The online pet retailer reported its active customer base grew by 4.7 million — or 31.6% — from last year to reach 19.8 million, while net sales per active customer increased 8.7% year over year to $388, according to a company press release.
Chewy's net income grew 180.9% to $38.7 million from a loss of $47.9 million last year.
When the pandemic took hold last spring, nearly every aspect of the retail industry was affected. But as time went on, the differing effects among various sectors became increasingly apparent. Apparel retailers, for example, largely suffered mounting losses as the need to buy new clothes lessened.
On the other side of the spectrum, however, the pet sector of retail has by and large thrived. With the level of uncertainty the pandemic brought on, consumers turned to pets as a source of comfort.
The number of U.S. households owning a pet was projected to grow by 4% in 2020, according to Packaged Facts. Chewy appears to have not only benefited from the increased demand in the category, but also from operating primarily online — where more consumers conducted their shopping over the past year.
Even as the economy begins to open up, the pet retailer added nearly 560,000 new customers from the previous quarter. Additionally, sales from repeat customers through its Autoship subscription represented nearly 70% of total net sales, indicating it's retaining some of those acquired customers. Over the last two years, Chewy has grown its customer base by 8.4 million, or 75%, according to Singh.

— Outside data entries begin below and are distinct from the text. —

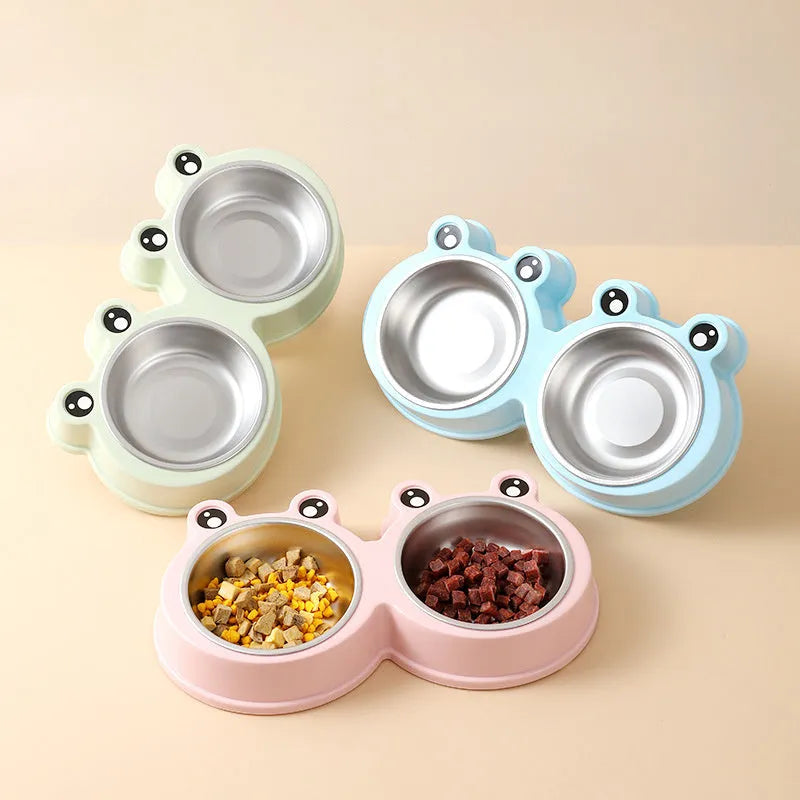 Blue stainless steel double pet bowl with frog design for cat and dog food and water.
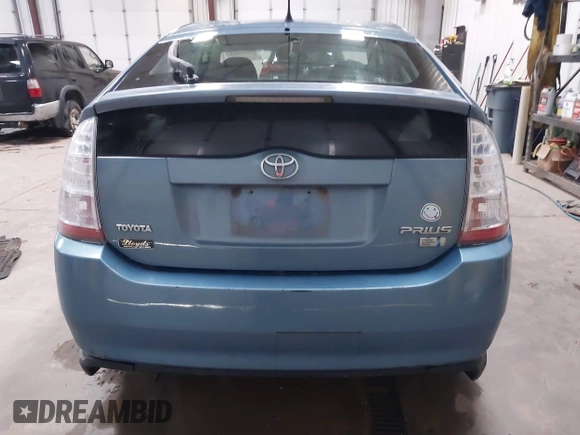 2007 Toyota Prius z VIN JTDKB20U477559103, wystawiony jako IAAI lot #41957891 z przebiegiem 285 452 mil mil oraz . Historia ofert i sprzedaży dostępna na DreamBid. Obrazek 13.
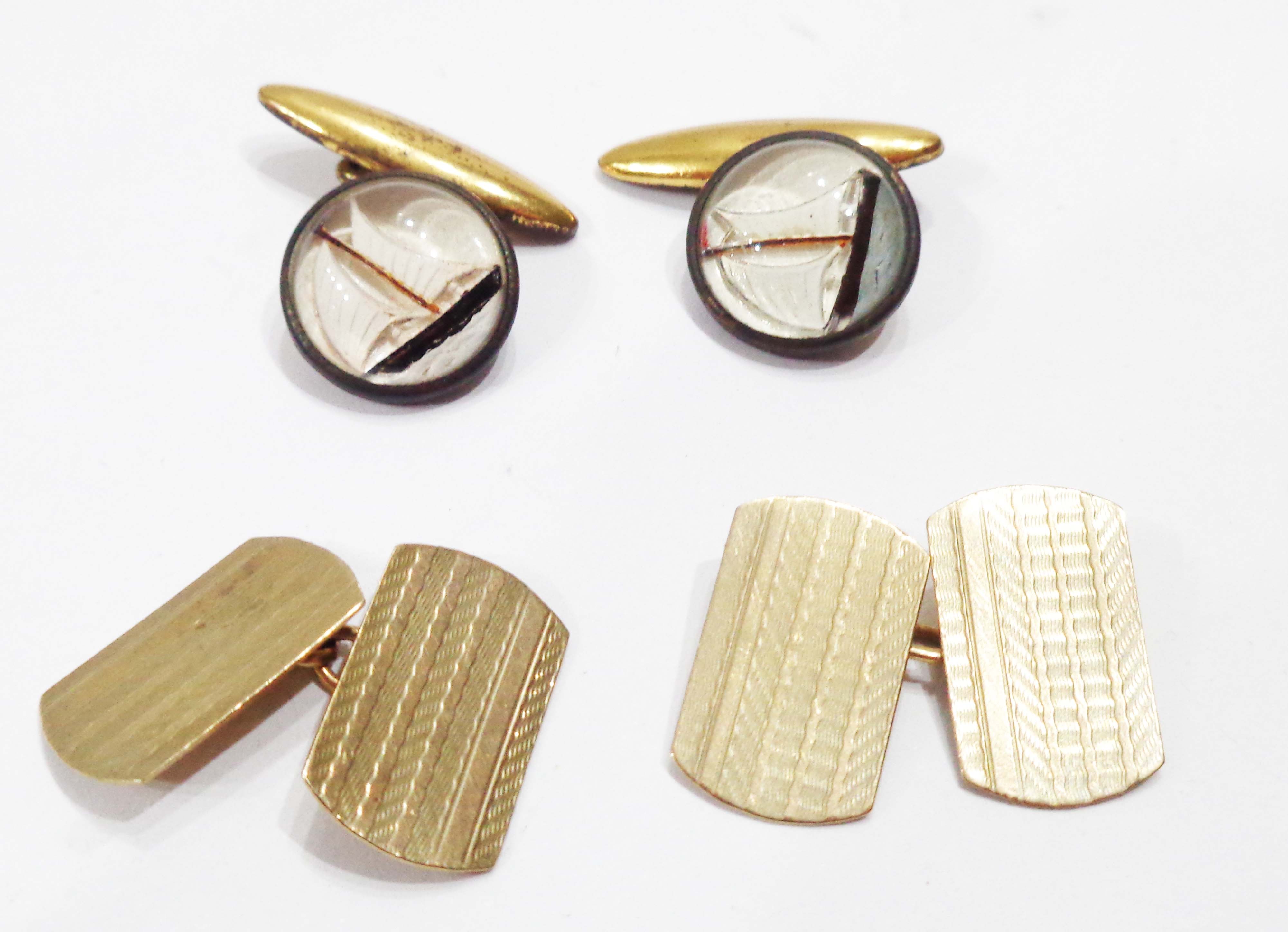 A pair of 9ct. gold panel cufflinks - sold with a pair of Essex crystal cufflinks with sailing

As the pet category boom continues, executives raised the retailer's guidance: Chewy expects second quarter net sales to increase 26% to 28% to be between $2.15 billion and $2.17 billion, while full-year net sales are expected to grow 25% to 26% to be between $8.9 billion and $9 billion.
And though demand may begin to come down from the highs of last year, analysts don't anticipate growth to drop off entirely.
"While growth is inevitably slowing following an unprecedented 2020, we see more upside than downside risk to 2021 guidance and see building blocks to sustainable long-term solid double-digit growth," Wedbush analyst Seth Basham said in emailed comments.